This is the code snippet where the OpenCL Kernels are queued
globalWorkSizeCPU[0] = (size_t)ceil(((float)ncols) / ((float)DIM_LOCAL_WORK_GROUP_X)) * DIM_LOCAL_WORK_GROUP_X;
globalWorkSizeCPU[1] = (size_t)ceil(splittingPoint) * DIM_LOCAL_WORK_GROUP_Y;
offsetCPU[0] = 0;
offsetCPU[1] = 0;
globalWorkSizeGPU[0] = (size_t)ceil(((float)ncols) / ((float)DIM_LOCAL_WORK_GROUP_X)) * DIM_LOCAL_WORK_GROUP_X;
globalWorkSizeGPU[1] = (size_t)ceil(((float)nrows) / ((float)DIM_LOCAL_WORK_GROUP_Y) - splittingPoint) * DIM_LOCAL_WORK_GROUP_Y;
offsetGPU[0] = 0;
offsetGPU[1] = (size_t)ceil(splittingPoint) * DIM_LOCAL_WORK_GROUP_Y;
errcode = clEnqueueNDRangeKernel(clGPUCommandQue, clGPUKernel, 2, offsetGPU, globalWorkSizeGPU, localWorkSize, 0, NULL, NULL);
errcode = clEnqueueNDRangeKernel(clCPUCommandQue, clCPUKernel, 2, offsetCPU, globalWorkSizeCPU, localWorkSize, 0, NULL, NULL);
The problem here is that I am enqueuing both the kernels but from the timing results, it seems as if the kernels are not getting queued parallely.

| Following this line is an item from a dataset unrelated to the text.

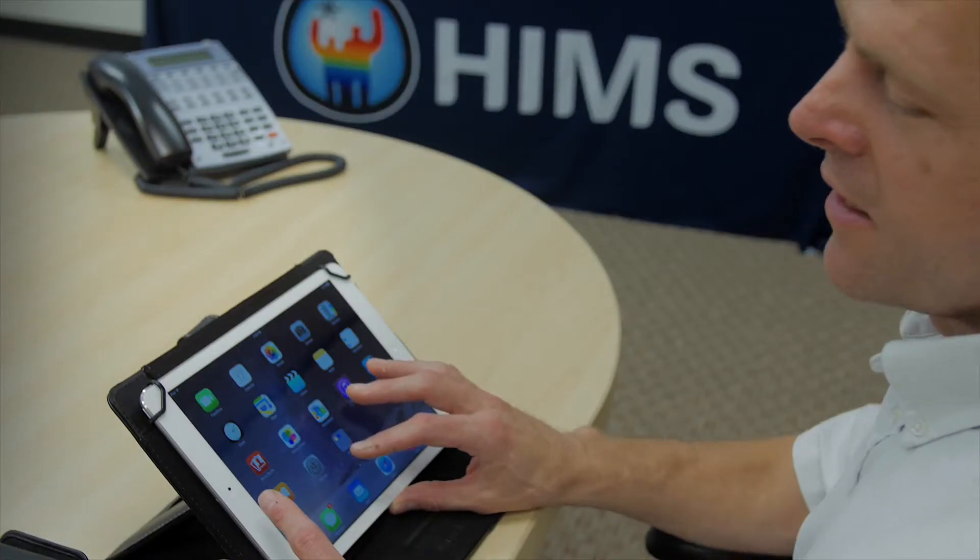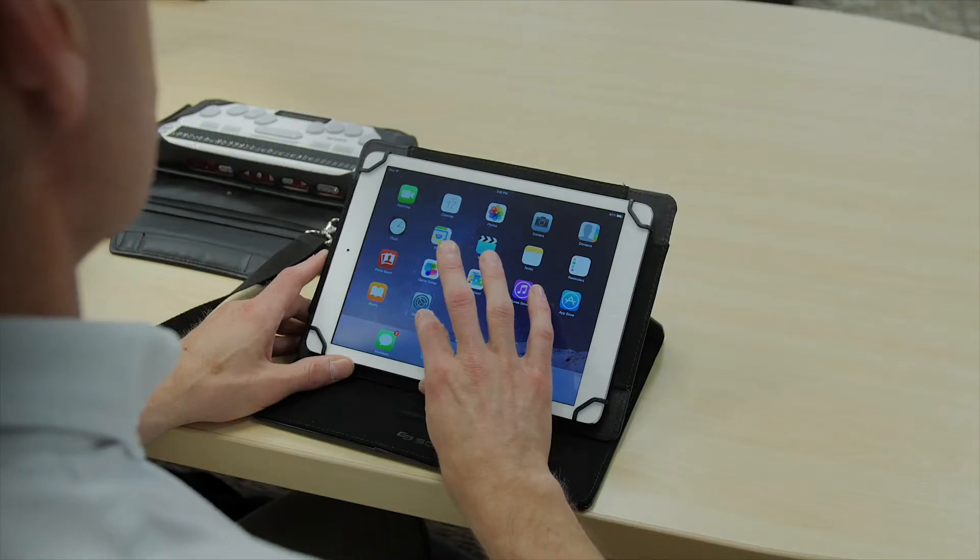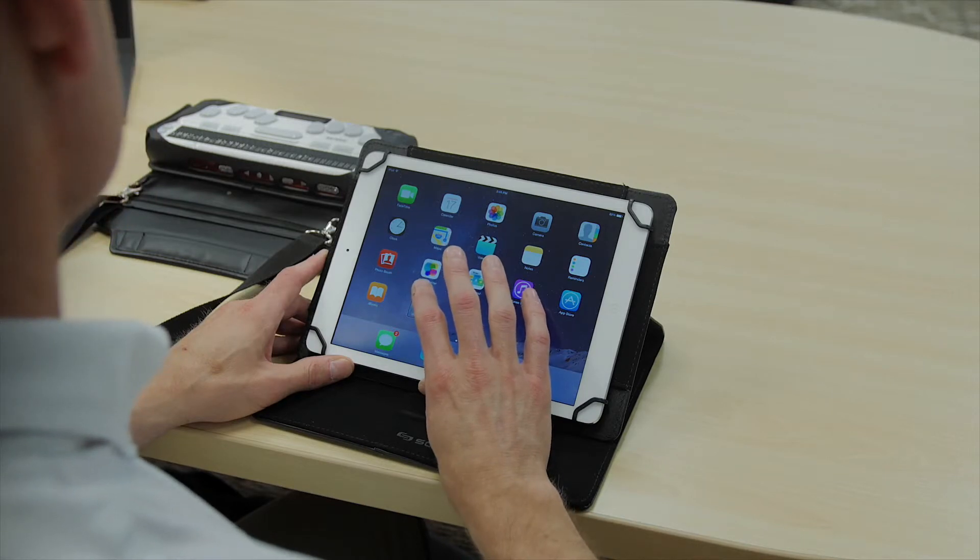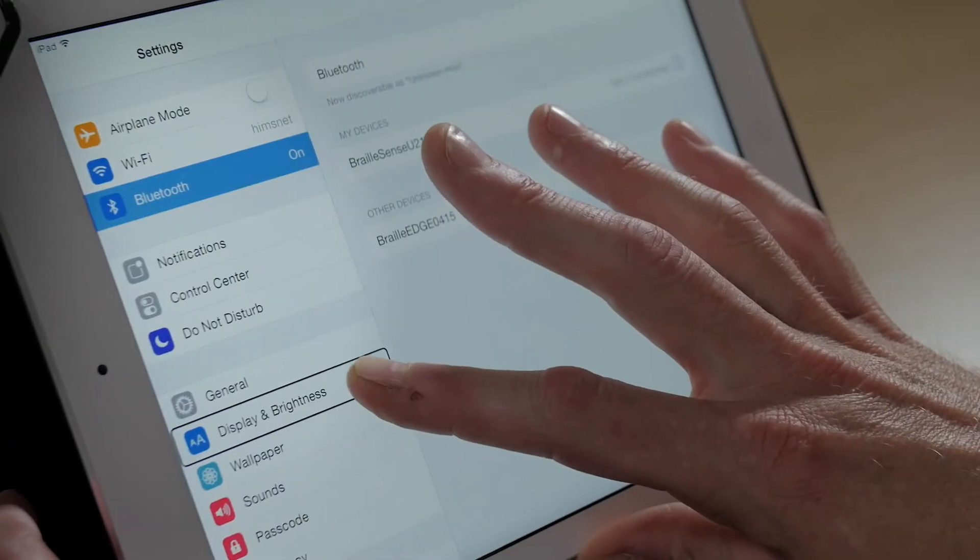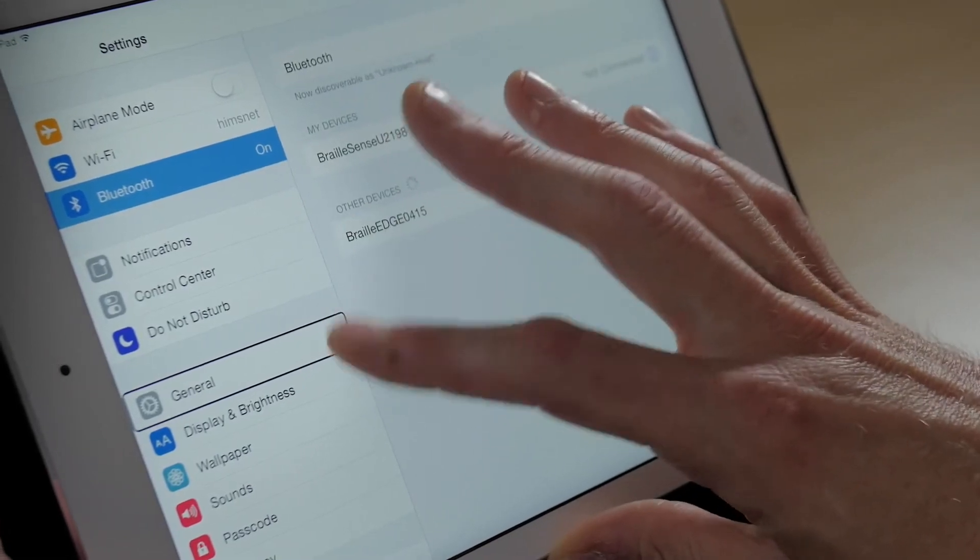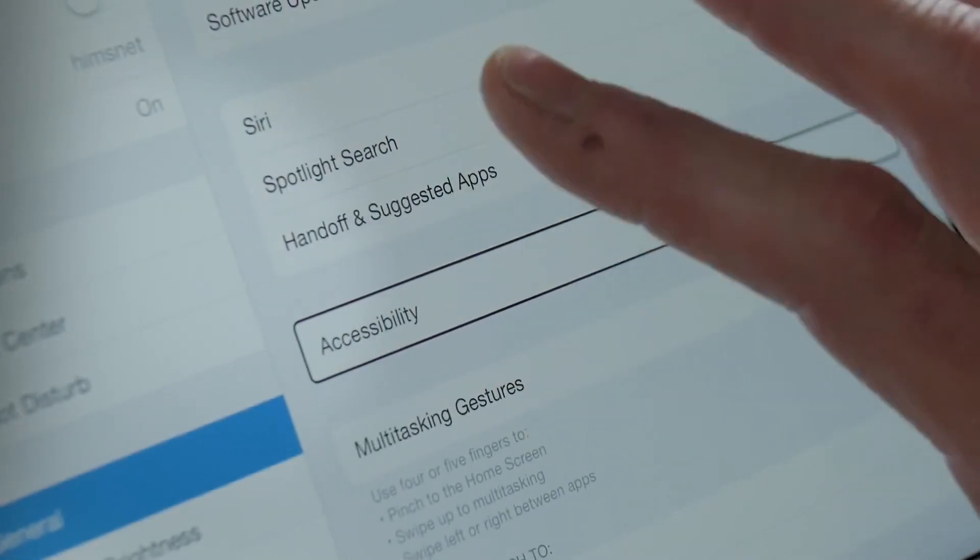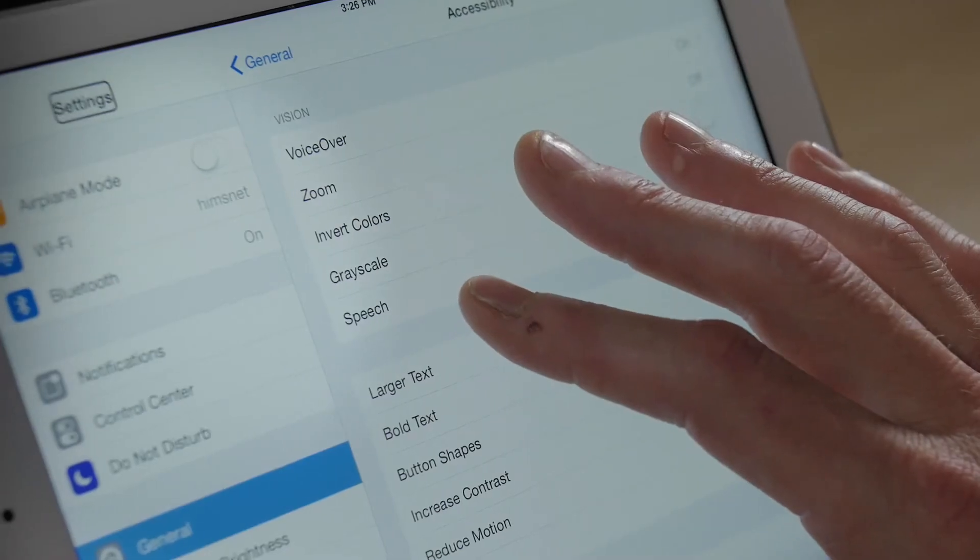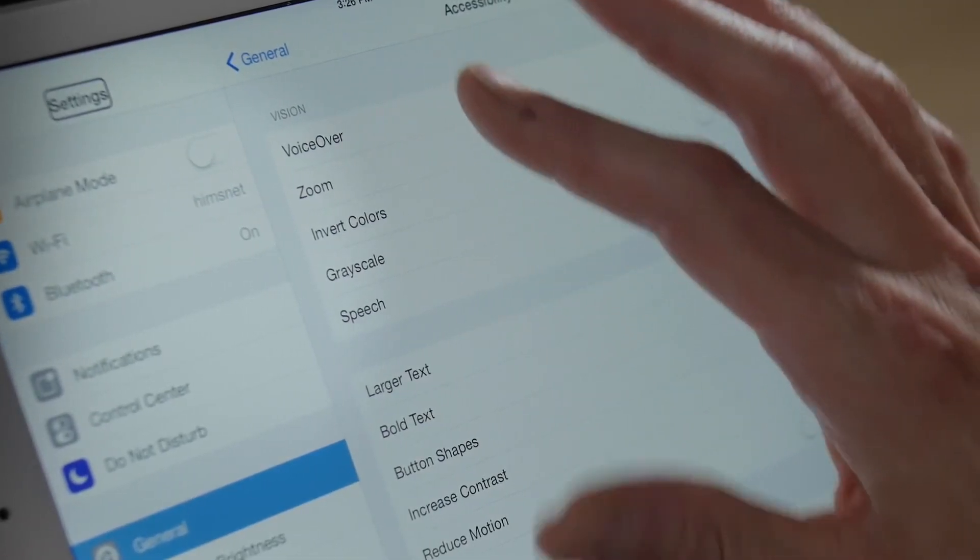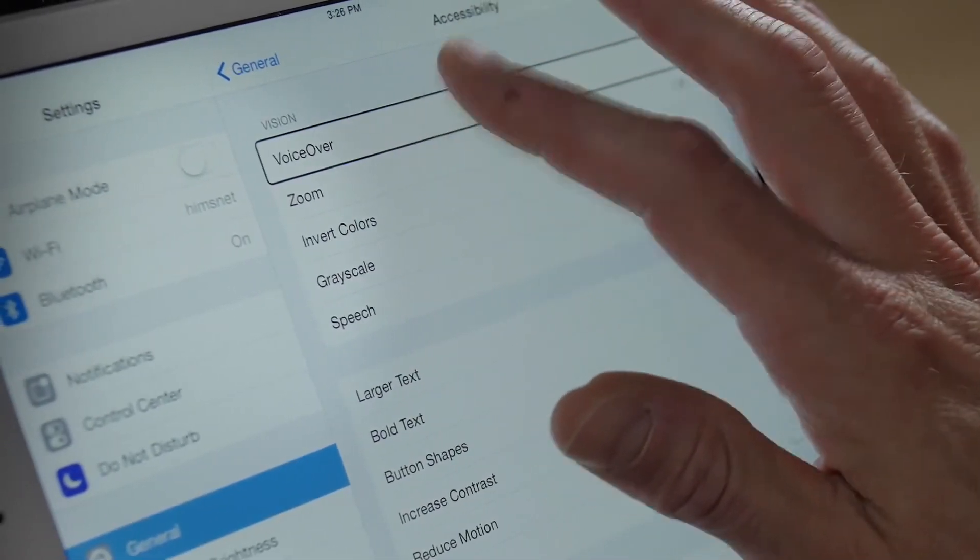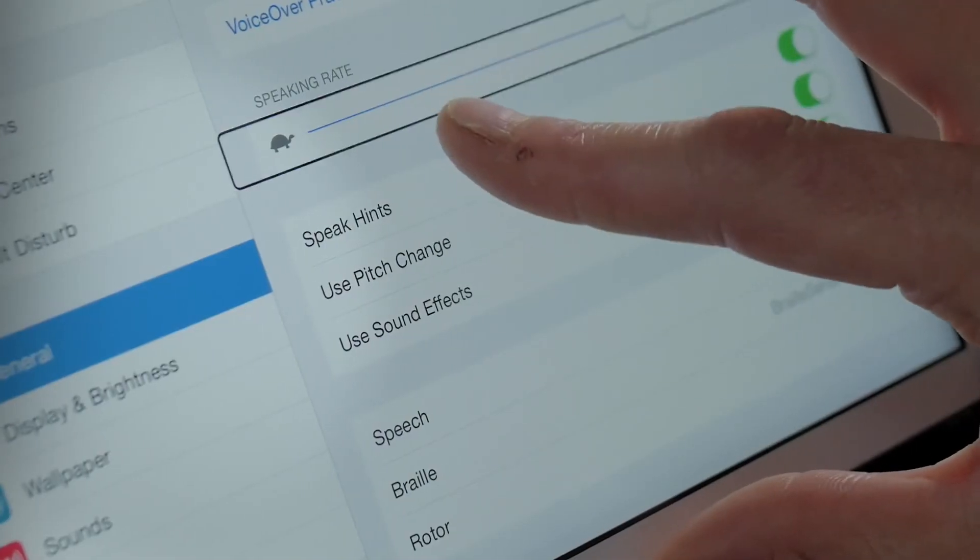So again, we're going to go to settings. We'll double tap on settings. We're going to go to general, accessibility. Under accessibility, we're going to go to voiceover. We're going to go to Braille.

The command queues are getting scheduled one after another.
I am using the Odroid XU-3 board which has a ARM CPU and a Mali GPU. Both devices run on different platforms.
Could anyone help me to solve the issue? Kind of urgent!!
I also tried reversing the order of the Enqueue functions but it did not work.